:: WORK REQUEST ::
The job is to output each record again, character for character.

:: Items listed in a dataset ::
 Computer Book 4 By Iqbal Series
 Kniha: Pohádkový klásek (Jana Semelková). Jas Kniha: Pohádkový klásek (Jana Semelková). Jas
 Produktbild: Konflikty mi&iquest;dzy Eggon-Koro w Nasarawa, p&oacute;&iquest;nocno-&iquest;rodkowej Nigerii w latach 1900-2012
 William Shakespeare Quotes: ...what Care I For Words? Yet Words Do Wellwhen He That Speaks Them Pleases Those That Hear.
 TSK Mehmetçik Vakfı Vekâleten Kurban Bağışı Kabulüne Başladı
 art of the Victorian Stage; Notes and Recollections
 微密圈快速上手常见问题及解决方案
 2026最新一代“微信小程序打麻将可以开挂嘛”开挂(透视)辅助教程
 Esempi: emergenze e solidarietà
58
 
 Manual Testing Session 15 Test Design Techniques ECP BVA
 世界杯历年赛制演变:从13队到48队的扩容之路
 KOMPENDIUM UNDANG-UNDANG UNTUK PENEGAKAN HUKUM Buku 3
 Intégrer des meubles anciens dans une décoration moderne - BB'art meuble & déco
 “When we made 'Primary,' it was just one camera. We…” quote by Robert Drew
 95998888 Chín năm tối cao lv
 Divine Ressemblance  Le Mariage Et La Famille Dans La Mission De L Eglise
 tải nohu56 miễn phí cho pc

:: ANSWER SPACE ::
 Computer Book 4 By Iqbal Series
 Kniha: Pohádkový klásek (Jana Semelková). Jas Kniha: Pohádkový klásek (Jana Semelková). Jas
 Produktbild: Konflikty mi&iquest;dzy Eggon-Koro w Nasarawa, p&oacute;&iquest;nocno-&iquest;rodkowej Nigerii w latach 1900-2012
 William Shakespeare Quotes: ...what Care I For Words? Yet Words Do Wellwhen He That Speaks Them Pleases Those That Hear.
 TSK Mehmetçik Vakfı Vekâleten Kurban Bağışı Kabulüne Başladı
 art of the Victorian Stage; Notes and Recollections
 微密圈快速上手常见问题及解决方案
 2026最新一代“微信小程序打麻将可以开挂嘛”开挂(透视)辅助教程
 Esempi: emergenze e solidarietà
58
 
 Manual Testing Session 15 Test Design Techniques ECP BVA
 世界杯历年赛制演变:从13队到48队的扩容之路
 KOMPENDIUM UNDANG-UNDANG UNTUK PENEGAKAN HUKUM Buku 3
 Intégrer des meubles anciens dans une décoration moderne - BB'art meuble & déco
 “When we made 'Primary,' it was just one camera. We…” quote by Robert Drew
 95998888 Chín năm tối cao lv
 Divine Ressemblance  Le Mariage Et La Famille Dans La Mission De L Eglise
 tải nohu56 miễn phí cho pc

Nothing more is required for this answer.